TOKYO, Apr 22 (News On Japan) - Munculnya raksasa elektronik Taiwan, Foxconn, telah menjadi katalis utama dalam pembahasan potensi merger antara Nissan dan Honda. Setelah tumbuh melalui produksi iPhone, perusahaan ini kini mendorong masuk ke sektor kendaraan listrik (EV), dipimpin oleh seorang eksekutif Jepang yang pernah memegang posisi tinggi di perusahaan-perusahaan besar Jepang.
Eksekutif tersebut adalah Jun Seki, yang saat ini menjabat sebagai Chief Strategy Officer divisi EV Foxconn. Sebelumnya, Seki adalah CEO Nissan, lalu menjabat sebagai presiden Nidec, di mana ia sempat menggantikan pendiri Shigenobu Nagamori sebagai CEO sebelum mengundurkan diri setelah lebih dari satu tahun. Kepergiannya secara luas dianggap sebagai penurunan jabatan. Foxconn kemudian merekrut Seki untuk memimpin ambisi EV-nya.
Masuknya Foxconn ke sektor otomotif dipandang sebagai salah satu pemicu keputusan Honda dan Nissan untuk memulai pembahasan integrasi manajemen. Dengan saham Nissan yang terus merosot dan kinerja yang memburuk, Foxconn dilaporkan tengah mengeksplorasi kemungkinan mengakuisisi produsen mobil tersebut. Tekanan ini mendorong Nissan dan Honda mempercepat pembicaraan mereka, sebagian dipicu oleh kekhawatiran di Kementerian Ekonomi, Perdagangan, dan Industri Jepang tentang akuisisi asing terhadap produsen domestik.
Didirikan pada 1974, Foxconn adalah produsen elektronik kontrak terbesar di dunia, dikenal luas karena merakit iPhone milik Apple.

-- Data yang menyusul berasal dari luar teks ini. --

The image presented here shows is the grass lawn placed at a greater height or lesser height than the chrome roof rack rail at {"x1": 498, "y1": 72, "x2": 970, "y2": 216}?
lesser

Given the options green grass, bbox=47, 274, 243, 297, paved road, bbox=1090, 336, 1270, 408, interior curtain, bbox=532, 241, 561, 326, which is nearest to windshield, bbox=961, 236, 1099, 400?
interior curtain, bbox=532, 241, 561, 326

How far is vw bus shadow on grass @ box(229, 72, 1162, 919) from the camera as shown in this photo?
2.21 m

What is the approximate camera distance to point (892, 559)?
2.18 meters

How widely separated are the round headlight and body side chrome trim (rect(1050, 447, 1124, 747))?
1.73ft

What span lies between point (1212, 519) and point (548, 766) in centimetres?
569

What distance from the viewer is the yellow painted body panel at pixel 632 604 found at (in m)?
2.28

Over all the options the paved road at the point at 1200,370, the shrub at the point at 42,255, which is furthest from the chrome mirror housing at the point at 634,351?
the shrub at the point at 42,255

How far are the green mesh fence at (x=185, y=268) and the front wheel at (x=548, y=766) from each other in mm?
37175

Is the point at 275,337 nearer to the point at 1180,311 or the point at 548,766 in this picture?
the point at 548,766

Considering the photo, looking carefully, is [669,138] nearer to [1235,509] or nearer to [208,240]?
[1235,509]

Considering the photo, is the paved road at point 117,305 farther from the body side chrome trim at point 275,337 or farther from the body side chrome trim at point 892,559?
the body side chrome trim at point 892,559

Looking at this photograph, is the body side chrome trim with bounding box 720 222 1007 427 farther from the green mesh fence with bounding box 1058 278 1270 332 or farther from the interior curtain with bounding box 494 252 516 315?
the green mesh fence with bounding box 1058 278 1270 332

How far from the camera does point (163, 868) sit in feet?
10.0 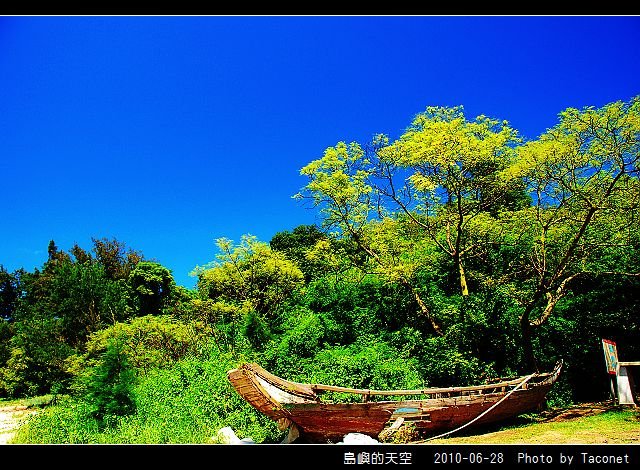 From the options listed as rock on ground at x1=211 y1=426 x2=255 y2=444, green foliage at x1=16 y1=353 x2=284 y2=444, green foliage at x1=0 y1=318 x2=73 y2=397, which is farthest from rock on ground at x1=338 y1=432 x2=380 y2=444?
green foliage at x1=0 y1=318 x2=73 y2=397

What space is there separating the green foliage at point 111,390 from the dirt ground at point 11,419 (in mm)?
1441

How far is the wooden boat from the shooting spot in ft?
17.3

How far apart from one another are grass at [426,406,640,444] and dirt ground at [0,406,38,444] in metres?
7.25

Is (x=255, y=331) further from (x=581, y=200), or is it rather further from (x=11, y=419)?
(x=581, y=200)

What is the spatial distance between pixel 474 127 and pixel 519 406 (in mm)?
5110

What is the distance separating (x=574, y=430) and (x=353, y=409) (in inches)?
111

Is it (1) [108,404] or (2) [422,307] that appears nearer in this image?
(1) [108,404]

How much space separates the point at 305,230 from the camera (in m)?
22.4

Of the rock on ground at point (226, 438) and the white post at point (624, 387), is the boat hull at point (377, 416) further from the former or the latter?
the white post at point (624, 387)

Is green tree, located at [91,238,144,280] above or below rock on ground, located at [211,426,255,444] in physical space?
above

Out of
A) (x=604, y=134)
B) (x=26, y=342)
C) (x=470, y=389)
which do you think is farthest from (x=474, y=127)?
(x=26, y=342)

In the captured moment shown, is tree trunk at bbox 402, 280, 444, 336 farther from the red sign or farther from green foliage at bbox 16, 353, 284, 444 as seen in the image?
green foliage at bbox 16, 353, 284, 444

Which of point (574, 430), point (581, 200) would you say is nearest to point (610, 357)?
point (574, 430) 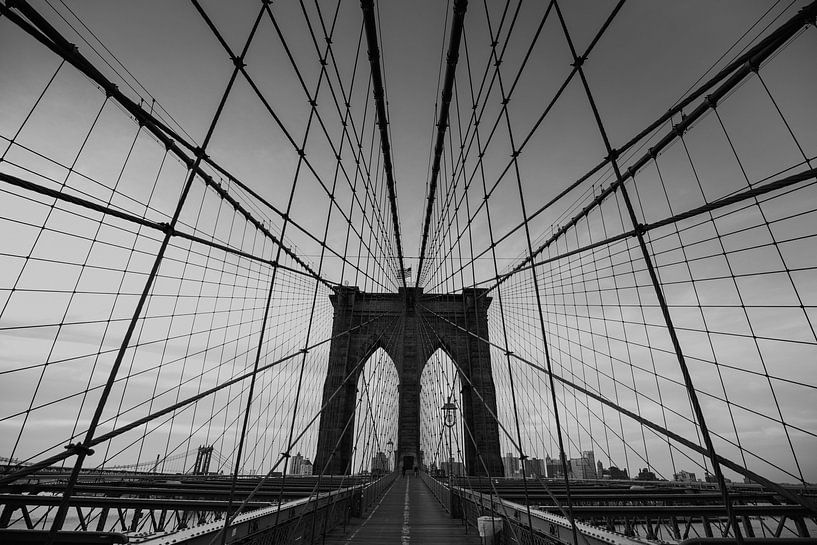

Ekspansi perusahaan ini mengikuti tren ledakan global smartphone. Pada 2023, pendapatannya mencapai sekitar 6,16 triliun dolar Taiwan, atau sekitar 30 triliun yen. Foxconn juga mengakuisisi Sharp pada 2016, langkah yang sempat membangkitkan harapan akan kebangkitan merek elektronik Jepang tersebut, meskipun Sharp sejak itu kesulitan mengikuti perubahan tren teknologi seperti pergeseran dari layar LCD ke OLED di smartphone.
Saat ini, Foxconn mengalihkan fokus investasinya di Jepang ke sektor-sektor baru seperti EV dan AI. Saat pembicaraan merger Honda-Nissan mengalami kemacetan, Mitsubishi Motors mulai melakukan diskusi untuk menyerahkan produksi EV kepada Foxconn. Strategi ini bertujuan untuk menekan biaya produksi, mempercepat siklus pengembangan, dan meningkatkan daya saing. Bagi Mitsubishi, outsourcing mengurangi risiko membangun fasilitas baru yang bisa menjadi tidak menguntungkan jika penjualan EV mengecewakan.
Foxconn melihat EV sebagai pilar pertumbuhan berikutnya setelah smartphone. Ketertarikannya pada sektor otomotif Jepang tercermin dalam pendekatannya ke Nissan dan Honda, dan perusahaan ini telah menjalin kemitraan dengan produsen mobil global. Namun, persaingan global di pasar EV sangat ketat. Tesla dari AS telah lama mendominasi pasar, sementara BYD dari Tiongkok dengan cepat mengejar dengan model-model terjangkau. Sebaliknya, produsen Jepang berada di bawah tekanan untuk meninjau ulang strategi EV mereka.
Nissan Leaf, yang pernah menjadi pelopor, kini menghadapi persaingan yang ketat. Perusahaan-perusahaan Jepang dikenal dengan rekayasa dan keandalannya, tetapi EV membutuhkan pendekatan berbeda — yang menekankan integrasi perangkat lunak, skalabilitas platform, dan investasi besar-besaran. Itulah sebabnya Nissan dan Honda pernah mempertimbangkan untuk bergabung: guna membangun kekuatan keuangan yang dibutuhkan untuk pengembangan kendaraan generasi berikutnya.
Pengamat industri mengatakan bahwa meskipun Toyota memiliki skala dan modal untuk mengejar strategi luas yang mencakup kendaraan hibrida, bensin, dan EV, perusahaan seperti Nissan, Honda, dan Mitsubishi mungkin tidak mampu melakukannya sendiri. Bagi perusahaan-perusahaan ini, membentuk aliansi — termasuk dengan pemain teknologi seperti Foxconn — bisa menjadi kunci untuk bertahan di pasar EV global yang semakin kompetitif.